Sunday, March 9, 2008

Wherefore Art Thou, PaleoArtist?

Duria Antiquior, By Henry De le Beche

As long as there has been paleontology (or maybe longer), there have been artistic interpretations. Naturally, these have evolved with our knowledge of the creatures of the past.

Actually, artistic depictions are a great way to trace our understanding of various creatures. On that note, one example stands out.

First up, Iguanodon, first discovered in 1822. We can use various works of art to trace the progression of not only our understanding of Iguanodon, but also the progression of our understanding of Paleontology in general. early depictions of Iguanodon were basically Iguanas blown up to massive proportions.

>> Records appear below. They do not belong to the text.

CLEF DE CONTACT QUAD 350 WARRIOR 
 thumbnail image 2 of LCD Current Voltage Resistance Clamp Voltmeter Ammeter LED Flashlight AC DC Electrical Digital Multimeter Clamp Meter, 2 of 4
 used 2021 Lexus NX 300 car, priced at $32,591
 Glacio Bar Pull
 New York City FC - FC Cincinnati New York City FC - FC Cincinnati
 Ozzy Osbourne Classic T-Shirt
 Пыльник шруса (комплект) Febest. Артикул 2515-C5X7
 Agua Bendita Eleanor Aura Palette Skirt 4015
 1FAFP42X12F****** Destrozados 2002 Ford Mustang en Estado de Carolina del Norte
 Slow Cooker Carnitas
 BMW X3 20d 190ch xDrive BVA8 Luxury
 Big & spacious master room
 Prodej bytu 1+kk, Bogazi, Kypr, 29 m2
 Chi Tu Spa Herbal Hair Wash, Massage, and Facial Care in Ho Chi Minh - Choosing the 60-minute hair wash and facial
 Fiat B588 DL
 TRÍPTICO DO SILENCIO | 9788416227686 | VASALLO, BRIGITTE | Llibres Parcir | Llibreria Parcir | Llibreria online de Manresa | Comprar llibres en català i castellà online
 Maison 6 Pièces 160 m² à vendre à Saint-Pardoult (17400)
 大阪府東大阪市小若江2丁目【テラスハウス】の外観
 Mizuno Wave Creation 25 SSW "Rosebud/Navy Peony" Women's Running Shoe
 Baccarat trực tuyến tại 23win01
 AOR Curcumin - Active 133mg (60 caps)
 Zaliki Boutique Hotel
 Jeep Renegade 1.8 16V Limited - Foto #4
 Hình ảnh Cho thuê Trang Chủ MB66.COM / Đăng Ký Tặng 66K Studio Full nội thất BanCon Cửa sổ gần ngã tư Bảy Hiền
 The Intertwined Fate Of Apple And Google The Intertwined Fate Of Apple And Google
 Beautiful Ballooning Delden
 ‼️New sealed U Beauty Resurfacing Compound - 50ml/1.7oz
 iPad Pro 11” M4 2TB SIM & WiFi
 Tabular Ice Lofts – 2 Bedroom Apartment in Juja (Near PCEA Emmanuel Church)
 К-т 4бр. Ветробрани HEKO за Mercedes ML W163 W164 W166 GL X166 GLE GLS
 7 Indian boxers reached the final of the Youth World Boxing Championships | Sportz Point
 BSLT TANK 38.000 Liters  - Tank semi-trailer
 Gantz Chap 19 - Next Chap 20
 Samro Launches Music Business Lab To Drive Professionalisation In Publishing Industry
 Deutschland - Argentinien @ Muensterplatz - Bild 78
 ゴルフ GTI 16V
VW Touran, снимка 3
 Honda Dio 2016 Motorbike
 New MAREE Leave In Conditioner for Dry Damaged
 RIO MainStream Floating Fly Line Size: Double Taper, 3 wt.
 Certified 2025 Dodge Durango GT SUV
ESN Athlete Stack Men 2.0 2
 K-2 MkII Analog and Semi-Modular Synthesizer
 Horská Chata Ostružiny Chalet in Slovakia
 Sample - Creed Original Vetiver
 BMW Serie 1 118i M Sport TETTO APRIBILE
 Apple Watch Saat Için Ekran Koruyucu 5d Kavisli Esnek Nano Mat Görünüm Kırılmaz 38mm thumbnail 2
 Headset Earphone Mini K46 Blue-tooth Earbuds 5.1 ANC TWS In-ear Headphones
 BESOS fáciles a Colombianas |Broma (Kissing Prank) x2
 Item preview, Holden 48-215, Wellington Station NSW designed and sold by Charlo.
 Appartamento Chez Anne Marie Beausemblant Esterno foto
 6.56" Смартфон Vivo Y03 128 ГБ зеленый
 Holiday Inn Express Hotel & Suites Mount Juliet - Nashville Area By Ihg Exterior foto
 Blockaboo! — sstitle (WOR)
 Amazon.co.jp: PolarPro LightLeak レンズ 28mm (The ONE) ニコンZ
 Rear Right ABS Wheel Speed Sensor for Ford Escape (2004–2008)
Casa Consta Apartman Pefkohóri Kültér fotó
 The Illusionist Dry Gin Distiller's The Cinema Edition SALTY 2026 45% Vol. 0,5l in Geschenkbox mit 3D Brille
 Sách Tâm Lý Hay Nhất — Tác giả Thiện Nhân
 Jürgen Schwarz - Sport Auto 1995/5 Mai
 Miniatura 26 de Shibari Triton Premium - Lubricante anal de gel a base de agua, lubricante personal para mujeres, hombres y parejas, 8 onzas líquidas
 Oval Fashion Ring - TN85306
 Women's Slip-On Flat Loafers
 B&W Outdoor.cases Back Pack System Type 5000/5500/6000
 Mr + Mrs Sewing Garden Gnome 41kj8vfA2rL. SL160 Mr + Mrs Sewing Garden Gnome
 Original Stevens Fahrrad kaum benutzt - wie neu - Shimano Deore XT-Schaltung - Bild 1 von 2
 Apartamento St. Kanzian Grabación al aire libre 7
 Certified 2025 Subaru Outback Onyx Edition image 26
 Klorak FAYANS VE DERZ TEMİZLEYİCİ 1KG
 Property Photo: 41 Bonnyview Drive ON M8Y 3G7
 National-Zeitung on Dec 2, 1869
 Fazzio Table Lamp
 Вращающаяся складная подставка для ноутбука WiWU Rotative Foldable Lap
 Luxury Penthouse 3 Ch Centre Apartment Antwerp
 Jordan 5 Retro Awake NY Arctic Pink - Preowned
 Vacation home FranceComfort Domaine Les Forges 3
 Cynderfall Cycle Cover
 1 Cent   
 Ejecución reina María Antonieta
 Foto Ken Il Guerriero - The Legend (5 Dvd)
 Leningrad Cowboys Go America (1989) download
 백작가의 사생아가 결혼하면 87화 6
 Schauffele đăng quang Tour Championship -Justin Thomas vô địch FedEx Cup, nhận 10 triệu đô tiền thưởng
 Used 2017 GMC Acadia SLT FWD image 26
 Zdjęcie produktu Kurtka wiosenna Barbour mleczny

Here is a set of statues that stand today on Sydenham Hill, but were commissioned for the Crystal Palace, and unveiled in 1854.

by Benjamin Waterhouse Hawkins

Moving Forward to the 1895, we can see that a great deal has changed in the depiction of Iguanodon. In this depiction, it is far more upright, and less Iguana-like.

by Alice B. Woodward

Now we'll jump forward about sixty years, and see how far we've come. Iguanodon is more refined than before, and the anatomy is understood better.


by Neave Parker

Now we'll move to a recent picture. Look at the huge difference from the early depictions!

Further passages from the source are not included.